• [Exercise description]:
Output word for word the lines from the one with "Order Tracker,KDP interior, Planner, journal, tracker, logbook" to the final line of the data, both ends included, but skip the pictures.

[Caption-style text data]
:::

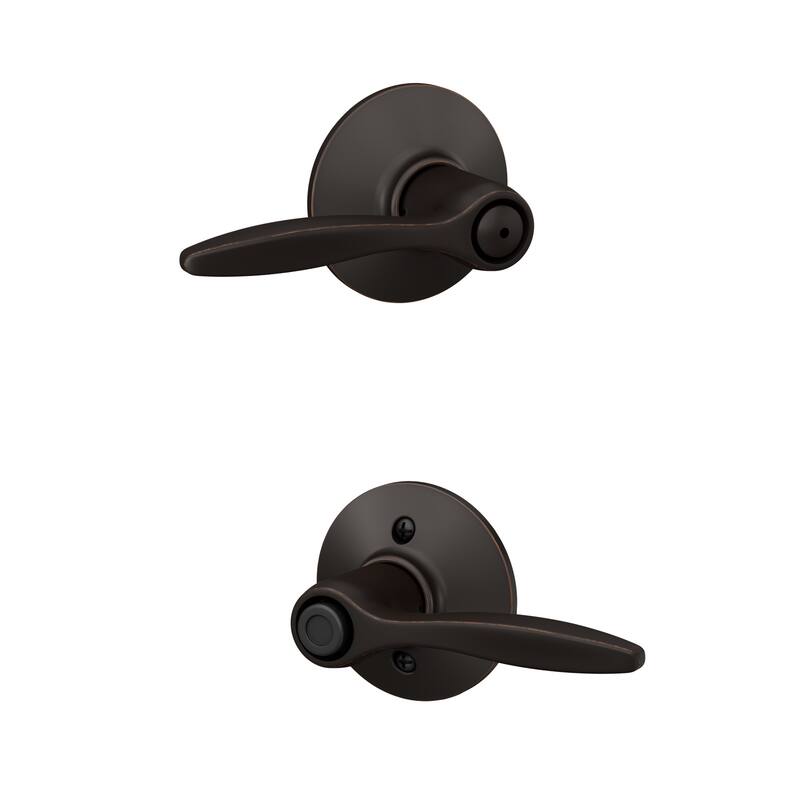 Schlage F40-DEL Delfayo Privacy Door Lever Set with Plymouth Trim from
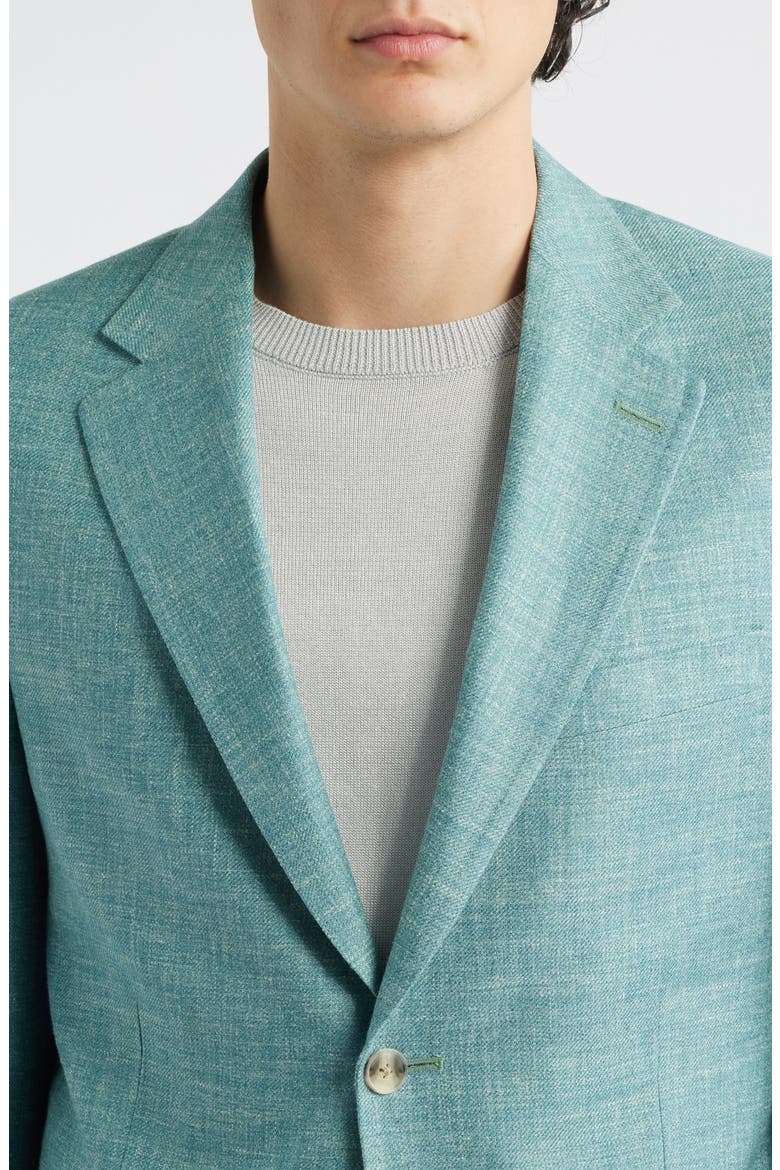 Hyperlight Soft Light Green Mélange Silk & Linen Blend Sport Coat, Alternate, color, LIGHT GREEN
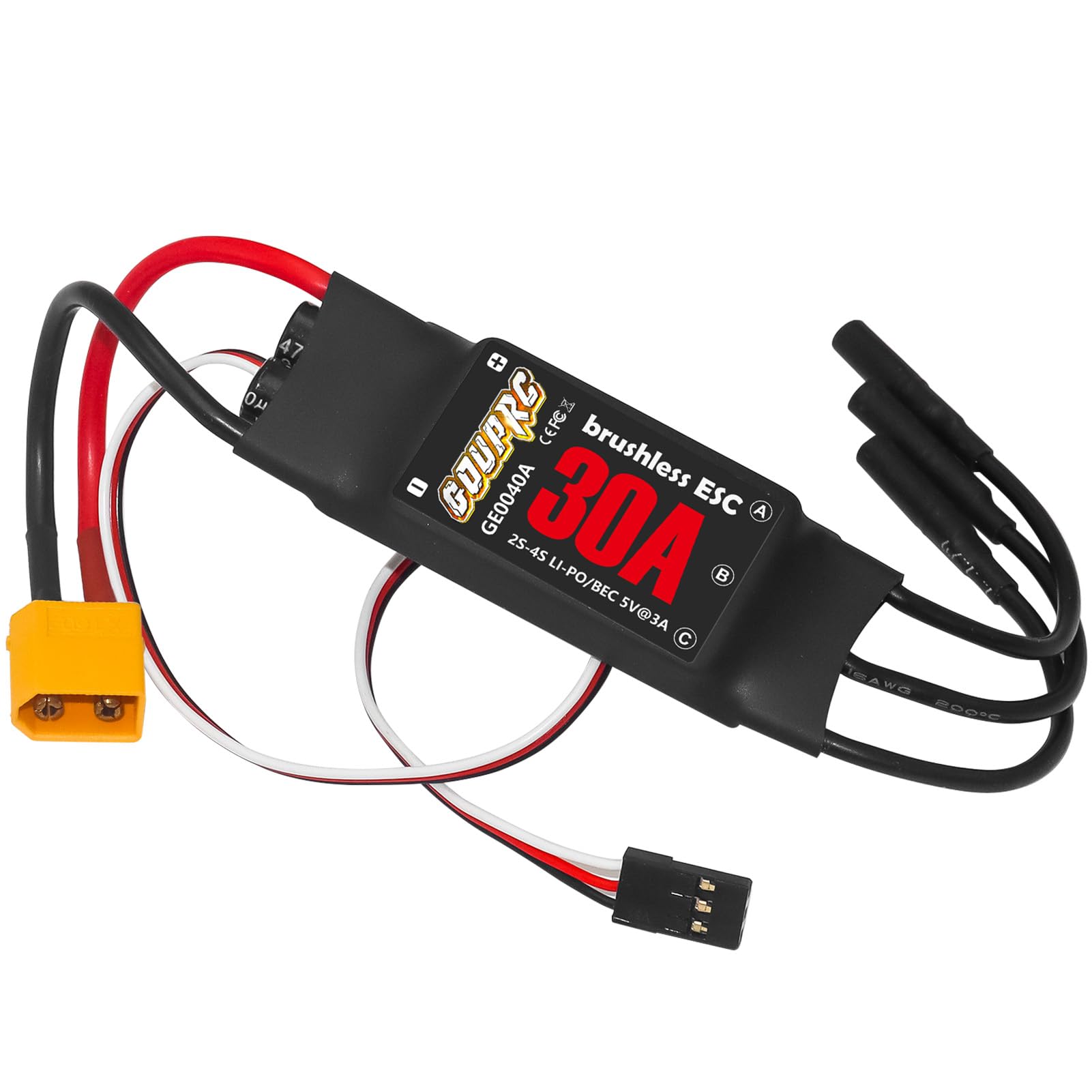 GOUPRC 30A Brushless ESC 2-3S Speed Controller with 5V/2A BEC & XT60 Plugs for Drone Helicopter Fixed Wing DIY RC Multi-axis Aircraft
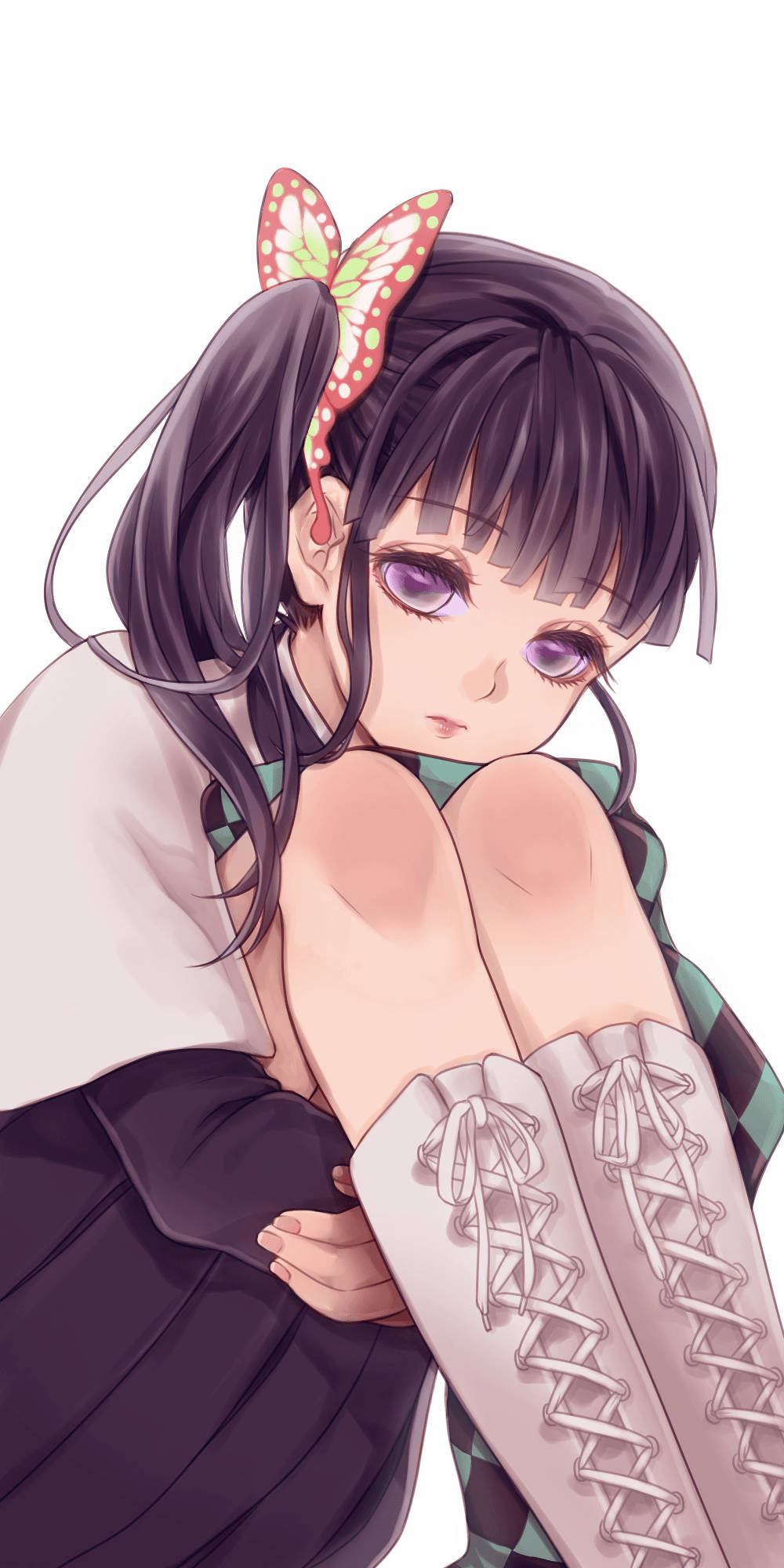 Kanao Tsuyuri, white boots, dark hair, Full HD Phone Wallpaper
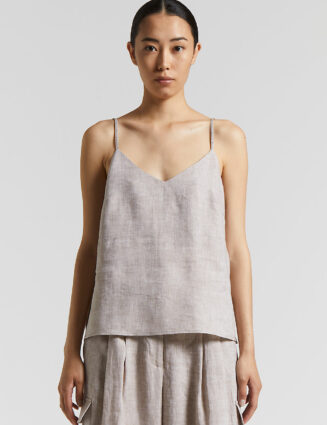 Peserico - Pure Linen V-neck top - Cappucino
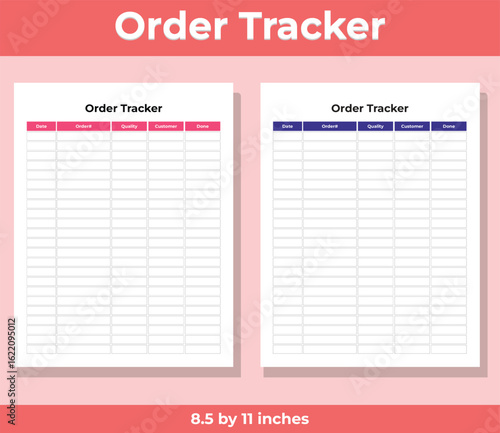 Order Tracker,KDP interior, Planner, journal, tracker, logbook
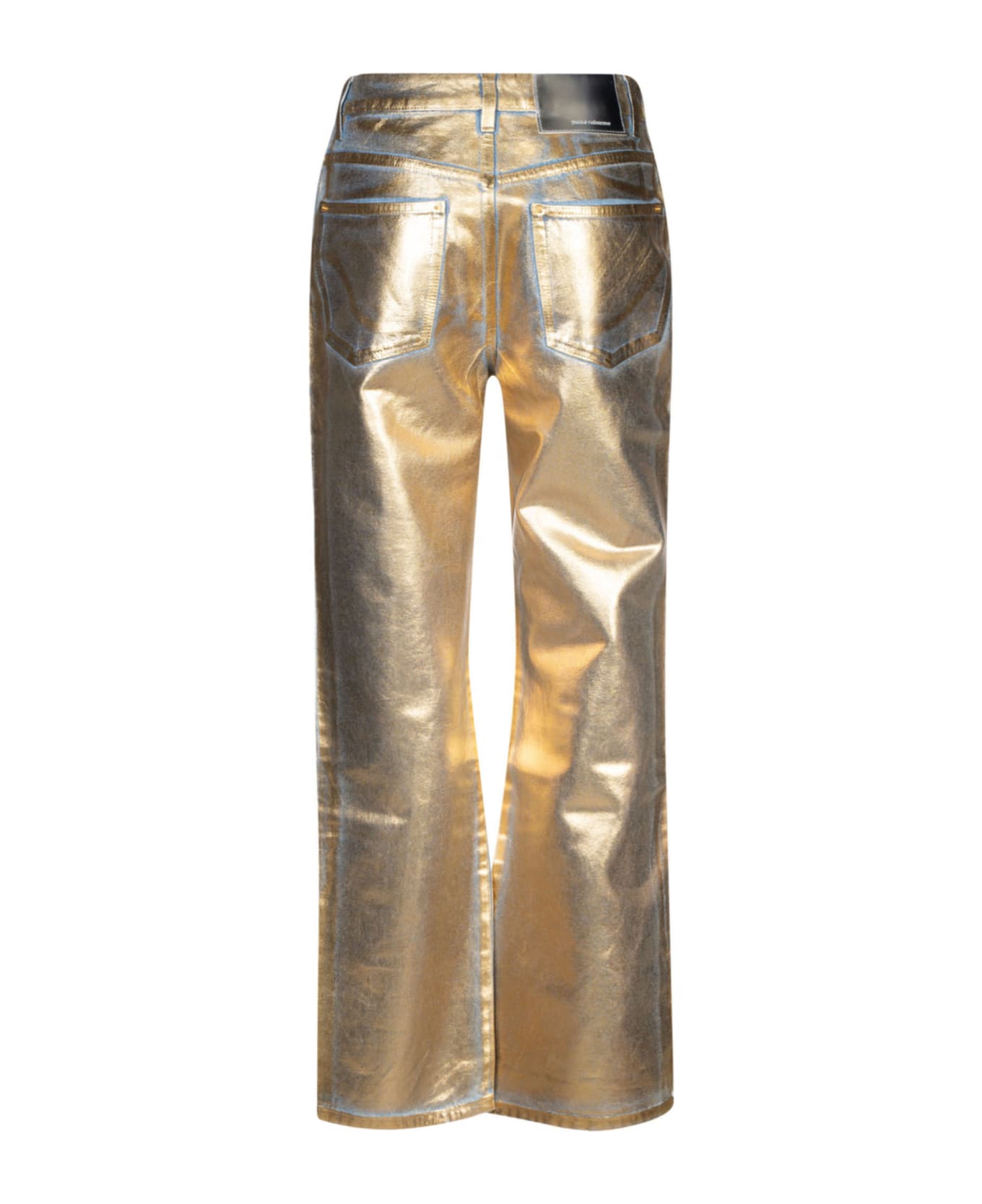 Paco Rabanne Metallic Denim Jeans - Dark Gold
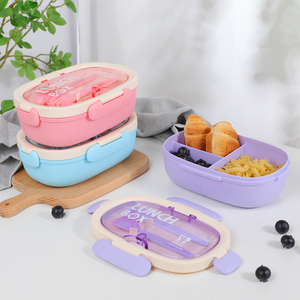 বিপিএ বিনামূল্যে শিশুদের বেন্টো বক্স প্লাস্টিক খাদ্য কন্টেইনার পোর্টেবল লাঞ্চ বক্স সঙ্গে কাটলারি সেট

:::

• [Finished exercise]:
 Order Tracker,KDP interior, Planner, journal, tracker, logbook
 Paco Rabanne Metallic Denim Jeans - Dark Gold
 বিপিএ বিনামূল্যে শিশুদের বেন্টো বক্স প্লাস্টিক খাদ্য কন্টেইনার পোর্টেবল লাঞ্চ বক্স সঙ্গে কাটলারি সেট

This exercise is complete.